_Dataset excerpt:_
•••

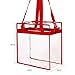BAGAIL Clear Cross-Body Messenger Shoulder Zippered Bag w Adjustable Strap, NFL & PGA Stadium Security Approved Travel & Gym Clear Tote Bag-12” X 12“ X 6” (Red)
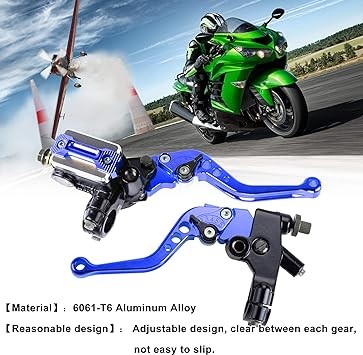 Universal Motorcycle 78 22mm Handlebar Brake Master Cylinder Clutch Lever CNC Left & Right Set Compatible with Harley Honda Kawasaki Suzuki Yamaha（ Piston Diameter 12.7mm (Blue)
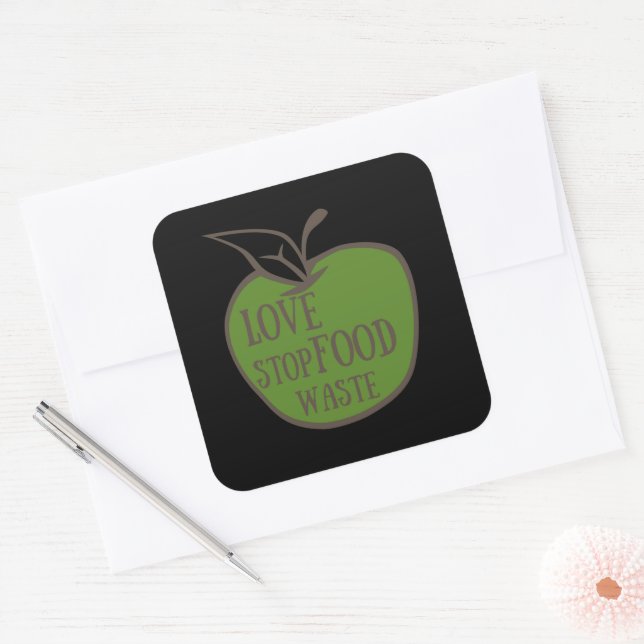 Reduce food waste recycling eco friendly square sticker (Envelope)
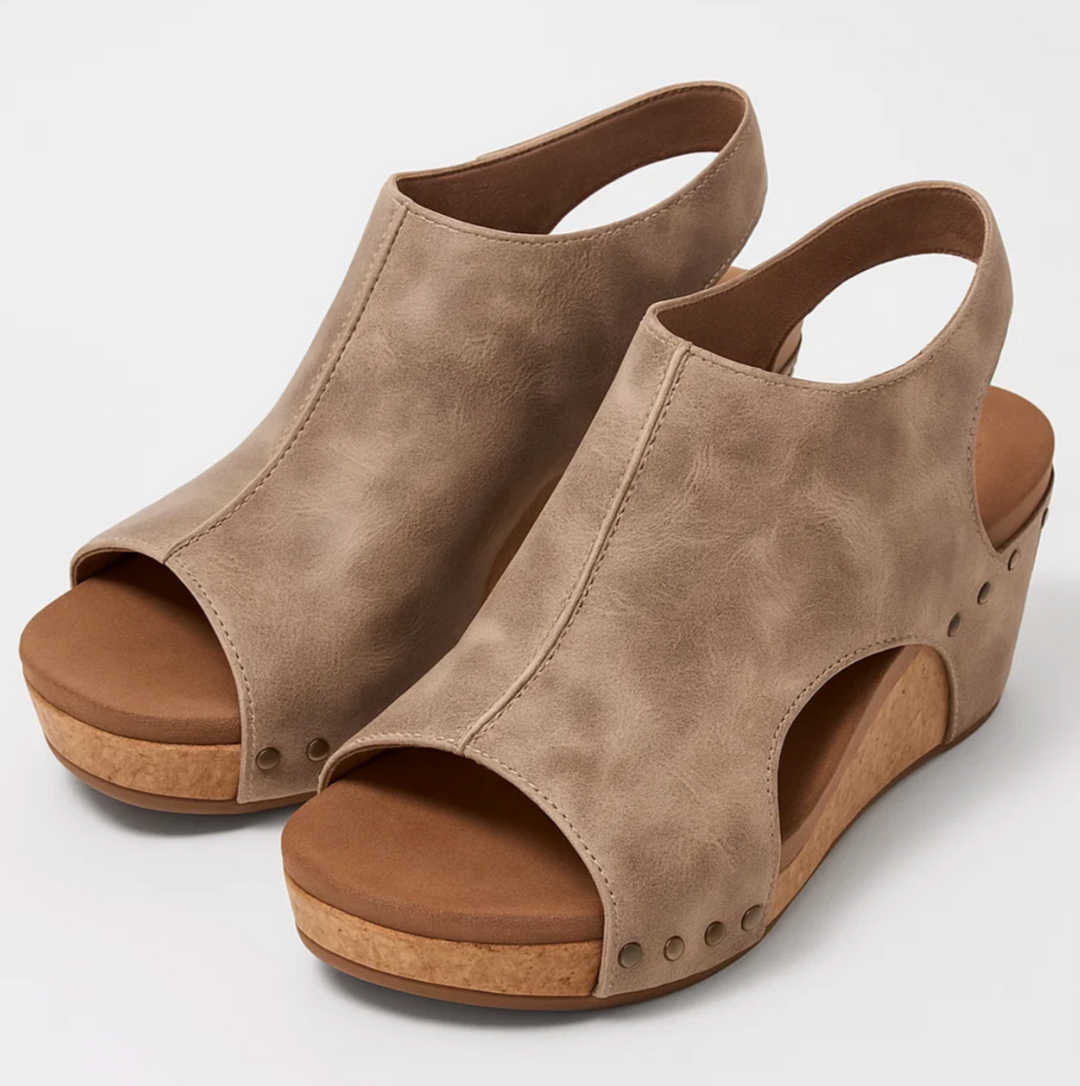 Kork-Sandalen mit Keilabsatz (Annelie)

•••

_Task to complete:_ Set down word for word each line from the one containing "Reduce food waste" through the end of the material, and keep the pictures out of it.

_Response to this exercise:_
 Reduce food waste recycling eco friendly square sticker (Envelope)
 Kork-Sandalen mit Keilabsatz (Annelie)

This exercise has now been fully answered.